12.Tema 5: Yorum Takip Etme Şekli
Yorum takip etme temasında yorumların kişi veya konu odaklı olarak incelenmek istediği belirtilmiştir. Bu tema, Katılım biçimi temasından farklı olarak çevrimiçi katılımın biçimsel olarak nasıl yapıldığını değil öğrenenleri motive eden yorum kaynaklarını ele almıştır. Bu temayla ilgili öğretmen adaylarının bazı görüşleri aşağıda verilmiştir.
“Belli başlı kişileri okuyorum. Önceki deneyimlerime göre belirli kişileri okuyorum.” (K62)

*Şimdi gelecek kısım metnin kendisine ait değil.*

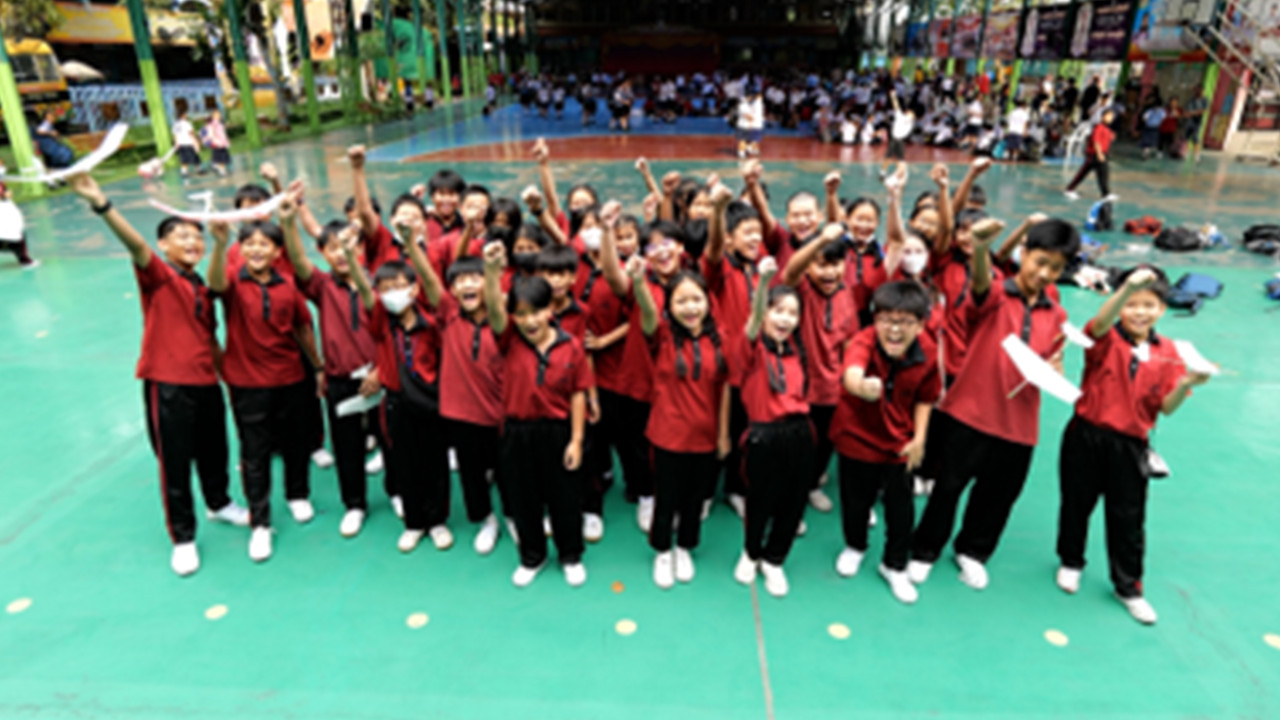 MySchool_670721_01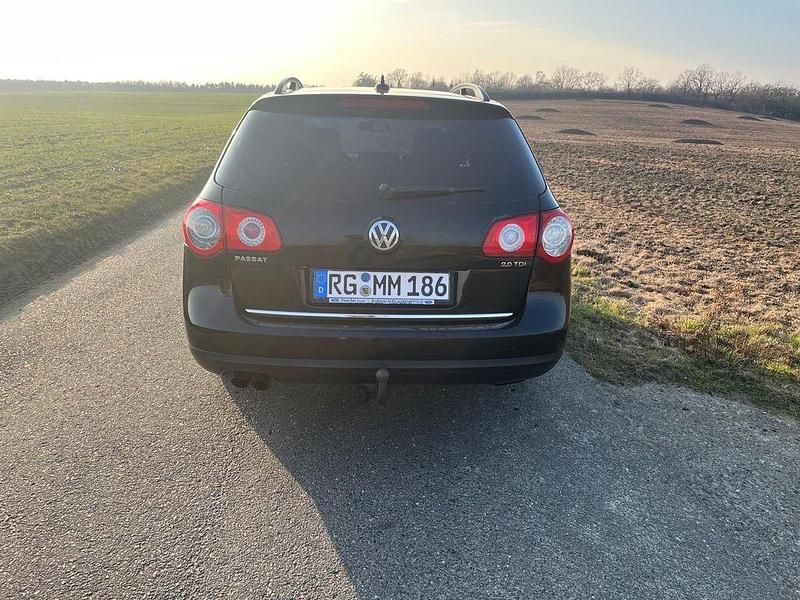 Gebraucht VW Passat Comfortline 140 PS (102 kW) 2010 Schwarz Kombi
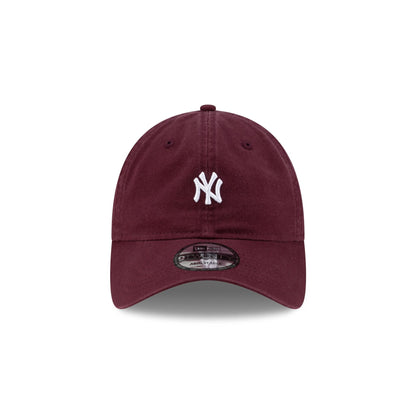 New York Yankees Mini Logo Dark Red 9TWENTY Adjustable Hat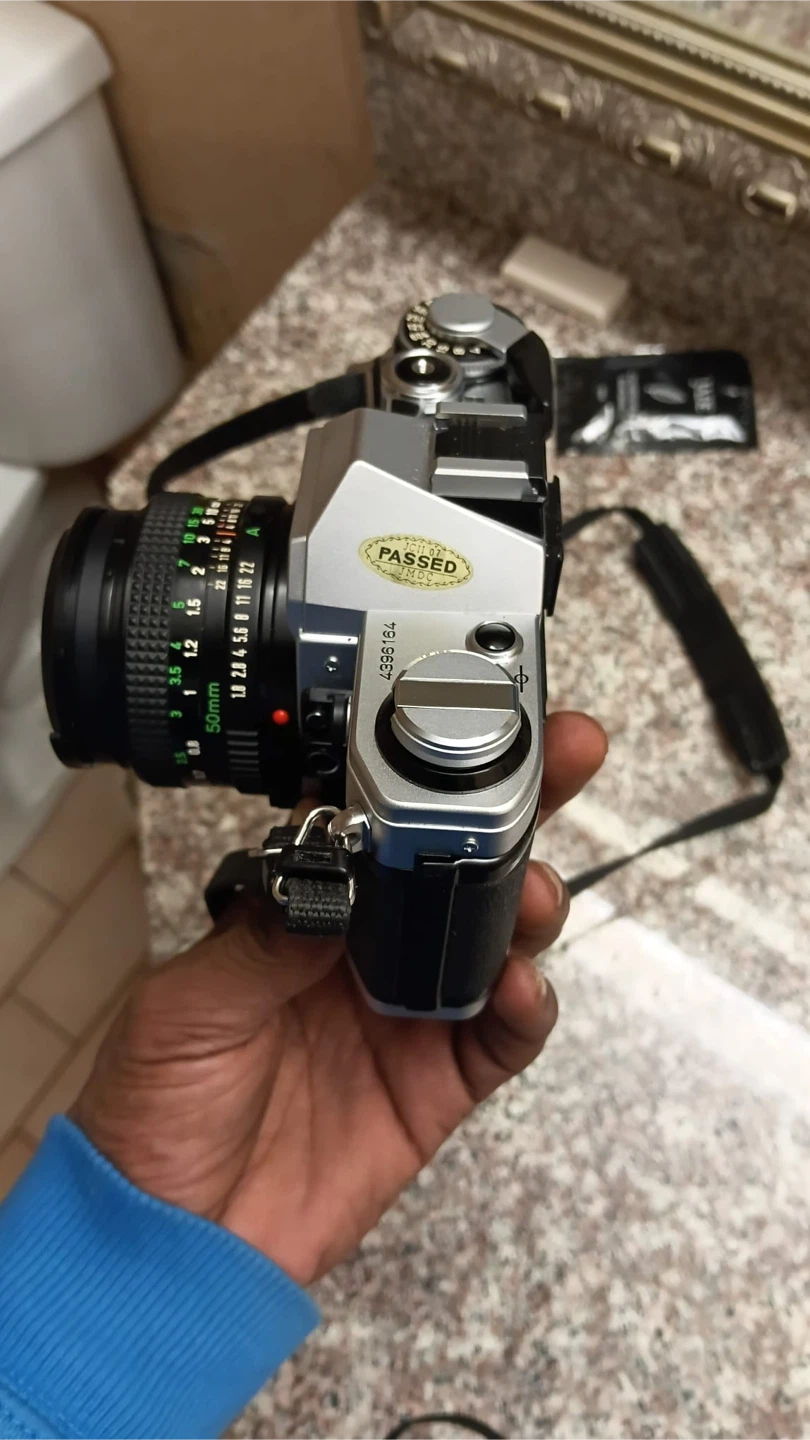 Canon AE-1 35mm Film Camera with 50mm lens - photo 2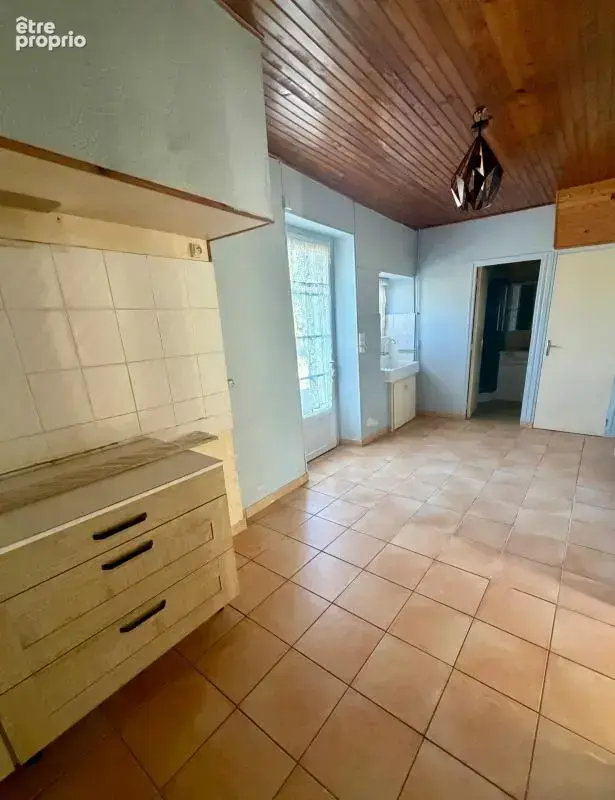 Charmante maison de plain-pied de 187 m² avec jardin arboré – Ladignac, Trentels  (47) - photo 9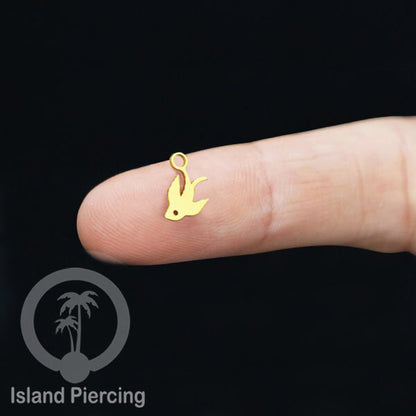 Body Jewelry Charm stainless yang bisa di pasang sebagai DIY warna gold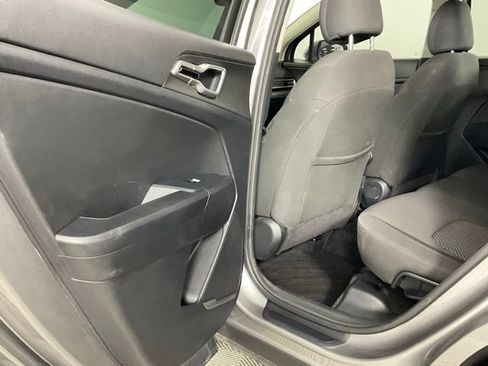 Used 2025 Kia Sportage LX FWD image 12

“Konuya göre öncelikle izlediğim kişiler var.” (K22)
“Ben belli başlı kişilerin yorumlarını seçiyorum. Derste etkin olanların yorumlarını okuyorum. Kendimi yazılı olarak kendimi ifade edemiyorum. Yüz-yüze konuşmayı tercih ediyorum.” (K31)
“Ben isimlere bakmadan direk yorumları okuyorum.” (K63)
“Ortamda içerikle alakalı olarak bulunuyorum. Ortamın kullanışlılığı veya kullanılabilirliği benim için önemli değil.” (K11)
Alan yazında sıkça rastlanan ve sosyal katılımcılar (Bento, Brownstein, Kemery ve Zacur, 2005; Bento ve Schuster, 2003) olarak tanımlanan katılımcıların diğerleriyle iletişim kurmak için veya K62, K22 ve K31 gibi bazı katılımcıların tartışma konusuna göre o konuda daha bilgili olduğunu düşündüğü bireylerin mesajlarına odaklandığı görülmektedir (Vygotsky, 1978). K63 ve K11 ise kişilere değil yorumlara odaklandığı (Beaudoin, 2002; Dennen, 2008; Küçük, 2010; Nonnecke ve Peece, 2001; Schultz ve Beach, 2004) fark edilmektedir. Odak grup görüşmelerinden elde edilen bilgiler ve alan yazından faydalanarak öğretmen adaylarının kişiler veya yorumlar üzerine odaklandığı söylenebilir. Bu ikilemden hareketle tartışma ortamının iki farklı birey özelliğine göre düzenlenmesi gerekmektedir. Kişi odaklı bireyler için diğer öğrencilerin yazdıklarını toplu olarak görebilme imkânı verilmesi, içerik odaklı bireylere ise tartışmanın akışını bozmadan kronolojik olarak tartışmanın sunulması önem kazanmaktadır.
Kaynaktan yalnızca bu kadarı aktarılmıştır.